→ **Instructions for the task**: The following data needs to be repeated exactly, with all images excluded.

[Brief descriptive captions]
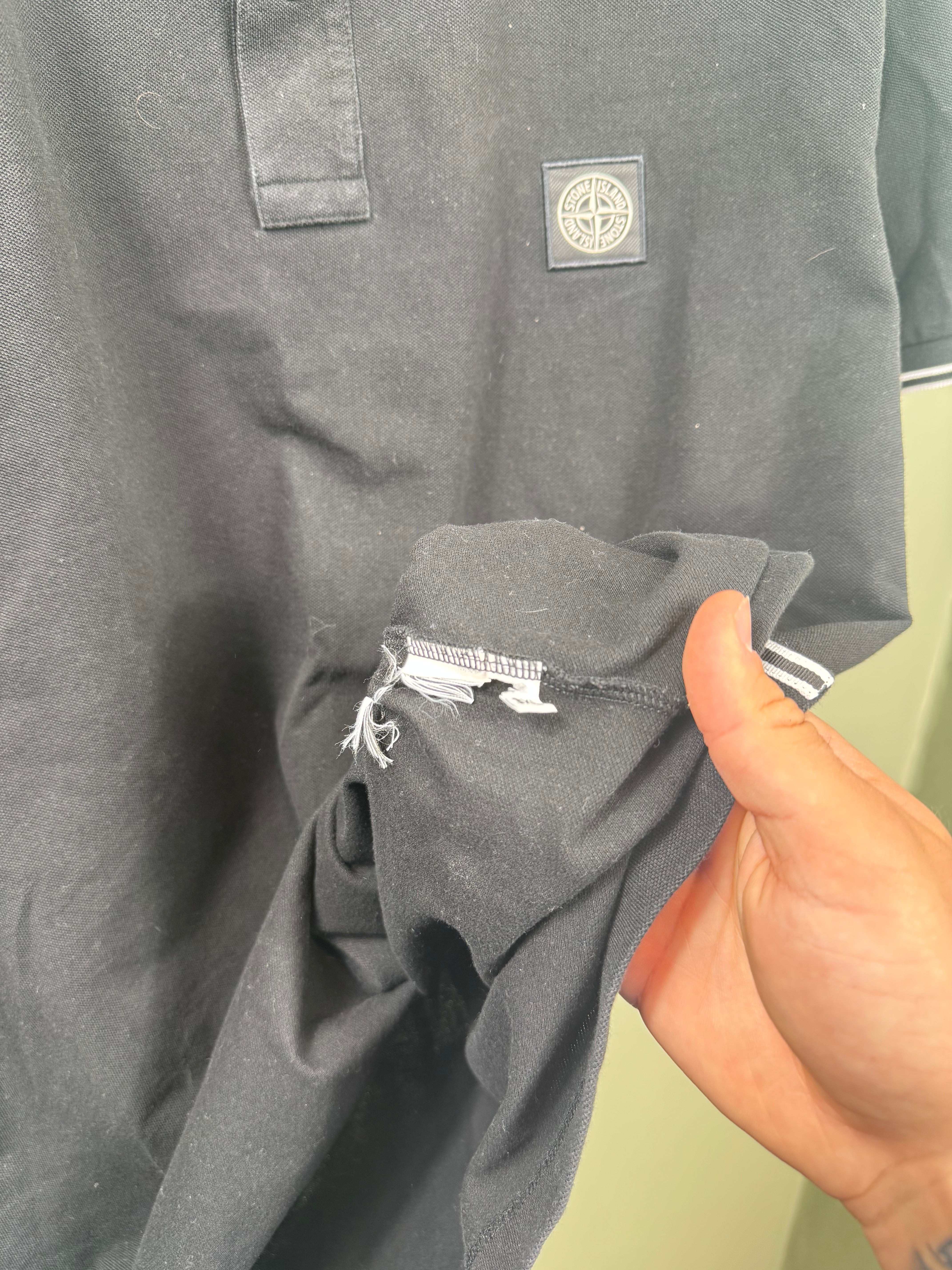 Stone Island Black Polo Shirt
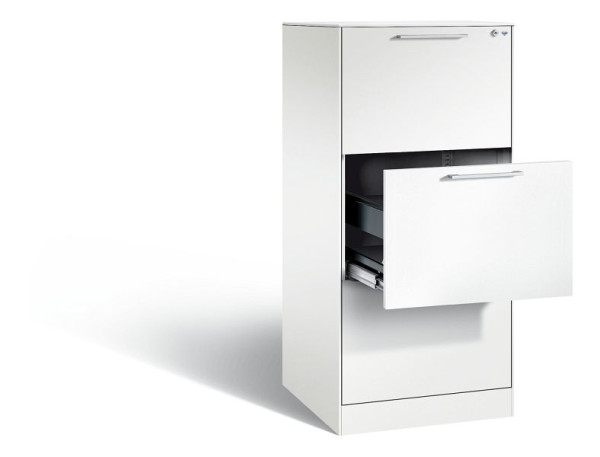 C+P Hängeregistraturschrank Asisto, H1310xB562xT600mm, Farbe: Verkehrsweiß, Bügelgriff, 146224-301 S10071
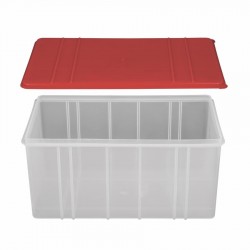 Többször használható tárolódoboz 6 liter mikrózható/fagyasztható, színes fedővel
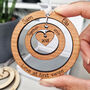 Wooden Couples Personalised Hoop Decoration, thumbnail 1 of 4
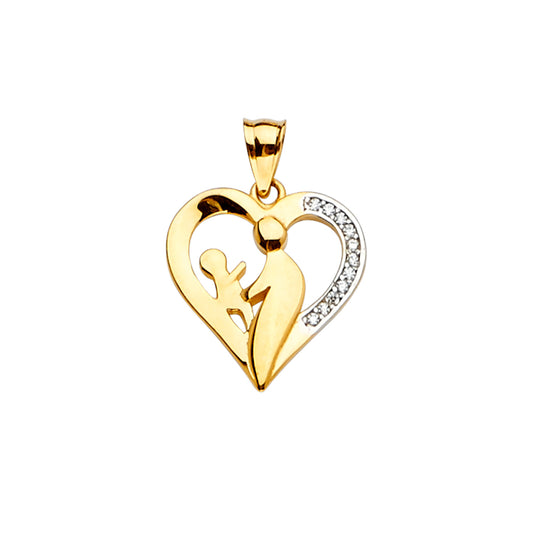 14KT REAL GOLD MOTHER PENDANT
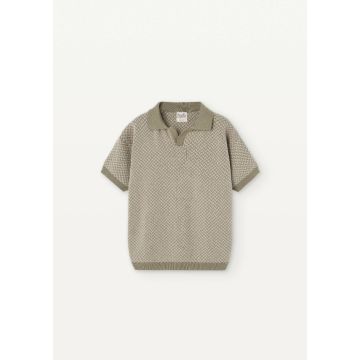 Popelin Green Knitted Jersey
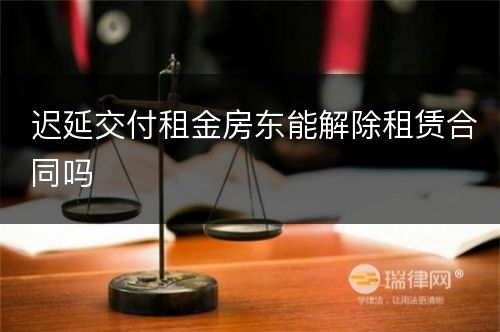 迟延交付租金房东能解除租赁合同吗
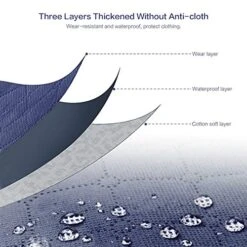 YouJiaBest Large Foldable Storage Bags, Set Of 3 Foldable Clothes Organizer With Clear Window & Carry Handles, Great For Clothes, Blankets, Bedding, Bedrooms, Tidy Up Your Closets（Blue） -Songmics Furniture Shop 51eUs7bz8NL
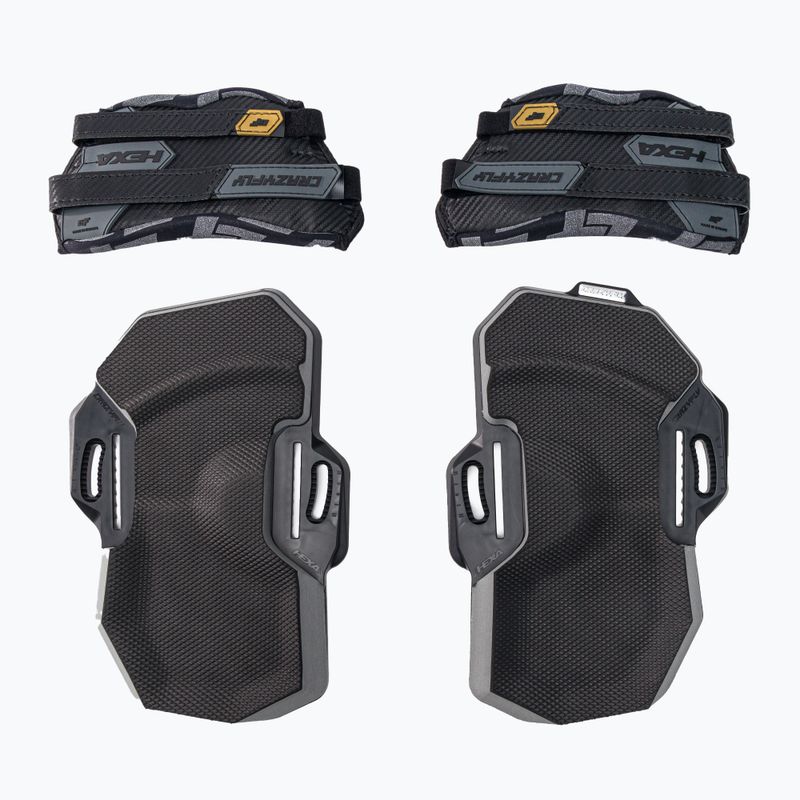 CrazyFly Hexa II LTD kiteboard pads and straps navy blue T016-0262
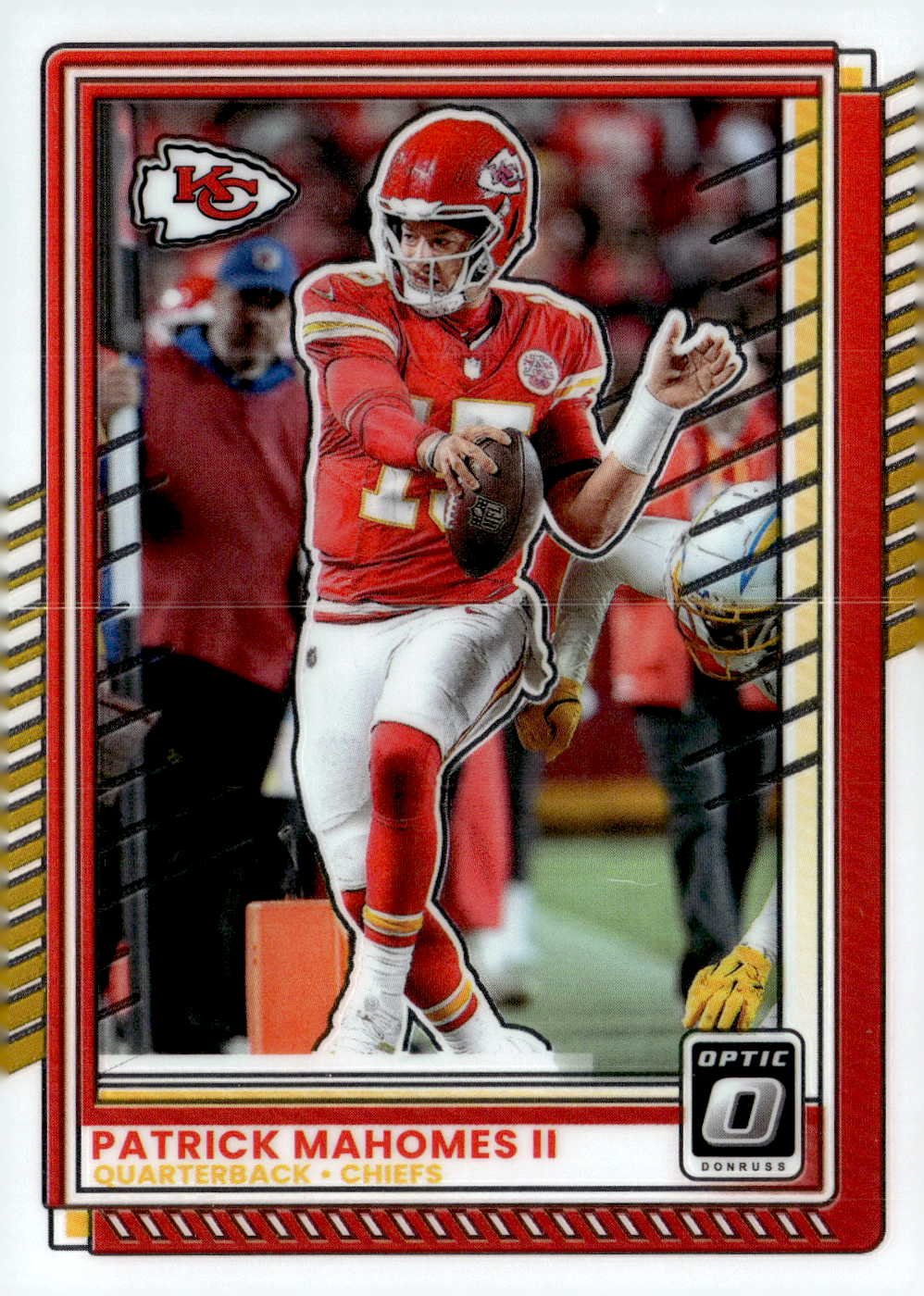 2025 Donruss Optic Patrick Mahomes II graded slab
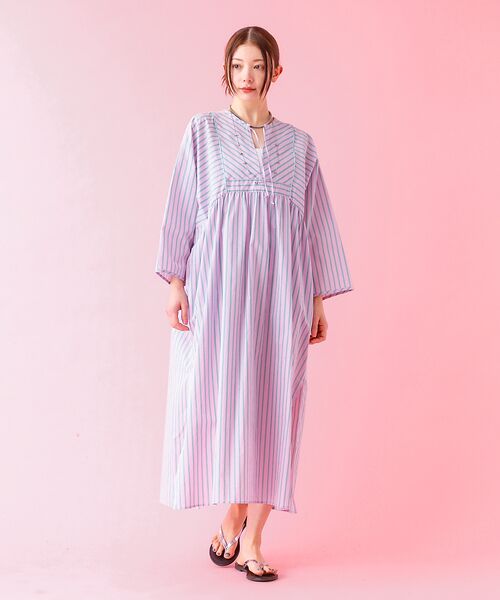 Rouge vif la cle / ルージュ・ヴィフ ラクレ ワンピース | 【Le Melange/ル・メランジュ】ストライプスワンピース/ワンピース/スト | 詳細10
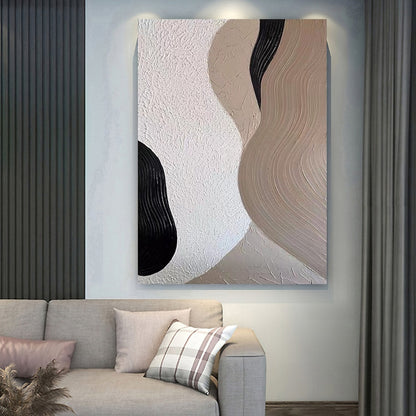 Abstract Serenity Swirls Oil Painting for Modern Home Decor and Relaxation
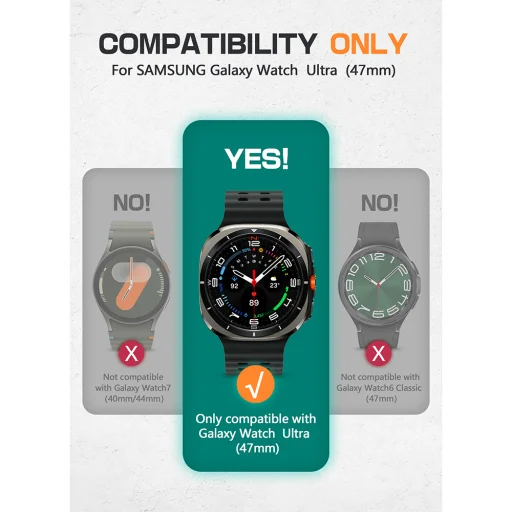  Samsung Galaxy Watch Ultra 47mm Fekete Supcase - Unicorn Beetle Pro tok - 7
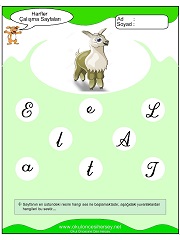 L Sesi Çalışma Sayfaları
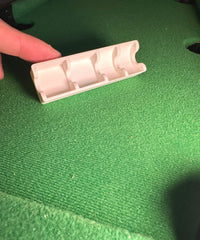 Chalk organiser empty showing triangle chalk slots detail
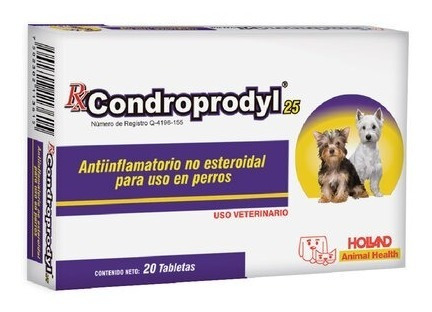Condroprodyl 25 Mg 20 Tabs Carprofenodolor E Inflamación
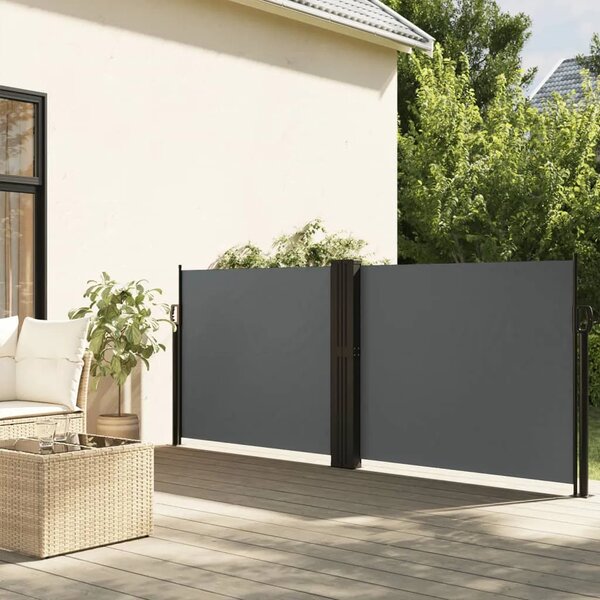 Uvlačiva bočna tenda 140 x 1000 cm antracit - Antracit 140 x 1000 cm 1 Antracit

→ **Solution to the exercise**:
 Stone Island Black Polo Shirt
 C+P Hängeregistraturschrank Asisto, H1310xB562xT600mm, Farbe: Verkehrsweiß, Bügelgriff, 146224-301 S10071
 Többször használható tárolódoboz 6 liter mikrózható/fagyasztható, színes fedővel
 Wooden Couples Personalised Hoop Decoration, thumbnail 1 of 4
 14KT REAL GOLD MOTHER PENDANT
 Popelin Green Knitted Jersey
 迟延交付租金房东能解除租赁合同吗
 YouJiaBest Large Foldable Storage Bags, Set Of 3 Foldable Clothes Organizer With Clear Window & Carry Handles, Great For Clothes, Blankets, Bedding, Bedrooms, Tidy Up Your Closets（Blue） -Songmics Furniture Shop 51eUs7bz8NL
 CrazyFly Hexa II LTD kiteboard pads and straps navy blue T016-0262
 2025 Donruss Optic Patrick Mahomes II graded slab
 Rouge vif la cle / ルージュ・ヴィフ ラクレ ワンピース | 【Le Melange/ル・メランジュ】ストライプスワンピース/ワンピース/スト | 詳細10
 Abstract Serenity Swirls Oil Painting for Modern Home Decor and Relaxation
  Samsung Galaxy Watch Ultra 47mm Fekete Supcase - Unicorn Beetle Pro tok - 7
 L Sesi Çalışma Sayfaları
 Chalk organiser empty showing triangle chalk slots detail
Condroprodyl 25 Mg 20 Tabs Carprofenodolor E Inflamación
 Uvlačiva bočna tenda 140 x 1000 cm antracit - Antracit 140 x 1000 cm 1 Antracit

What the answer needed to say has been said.